Unlike some of our leaders, we pride ourselves on not being driven by greed for money and power. But haven’t we done just that with food? As Malaysians, we talk incessantly about food, and derive the greatest pleasure from arguing with each other ad nauseaum about whose favourite fried kway teow seller is best, even as we routinely plan our next meals while devouring dinner. Would then a more ambivalent attitude towards food yield better productivity at work, a clearer perspective on life, and the reassertion of our long lost autonomy?
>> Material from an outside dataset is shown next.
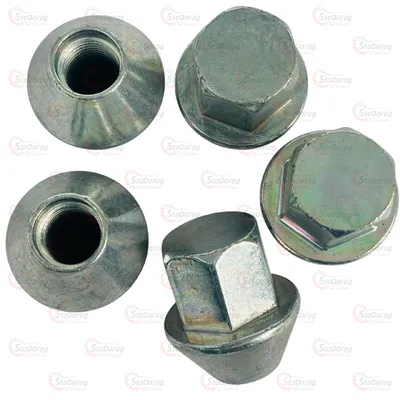 Гайка FARAD IT M12x1,25x30 Конус Цинк Ключ 19 2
Extremists of the eat to live doctrine fast regularly to maintain control over food, and it has been maintained that they live tangibly longer than the rest of us who are guilty of hyperphagia, or overeating, in layman’s terms. After all, if you are biblically inclined, gluttony is still one of the seven deadly sins!
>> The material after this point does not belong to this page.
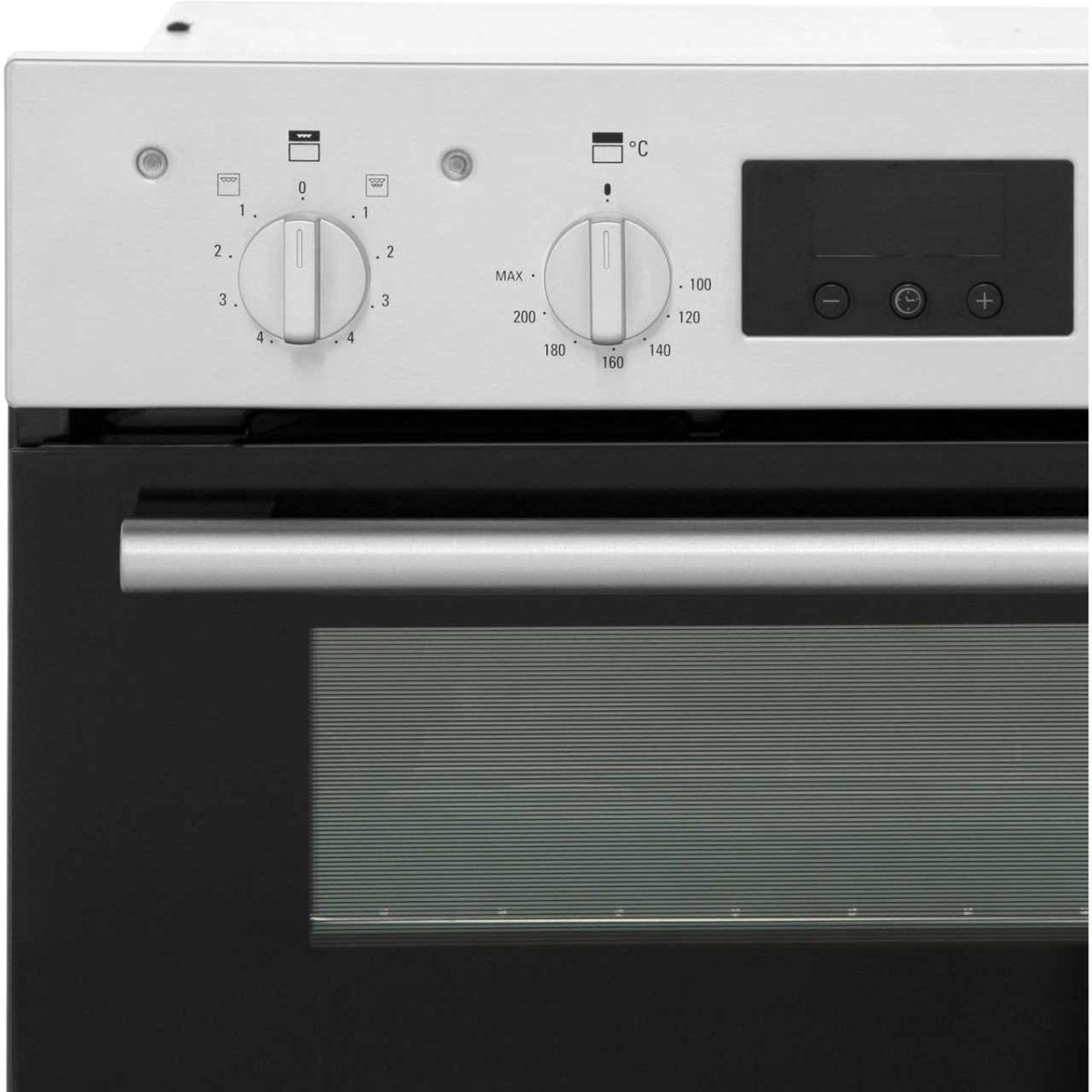HOTPOINT DU2540BL Electric Built Under Double Oven - Black | Atlantic Electrics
Speaking purely personally however, I cannot imagine a life yawning infinitely before me, with only the prospect of crudités, dry crackers and little more to sustain me (in order, ironically, to prolong said life!). I may be a captive to food and all its attendant evil temptations, and I am guilty of devoting a considerable part of my waking hours towards planning meals to feed loved ones, but when all is said and done, if I am only guilty of committing one of the seven deadly sins, then I’m still firmly in the black, and that’s a lot more than can be said for many of those who govern us.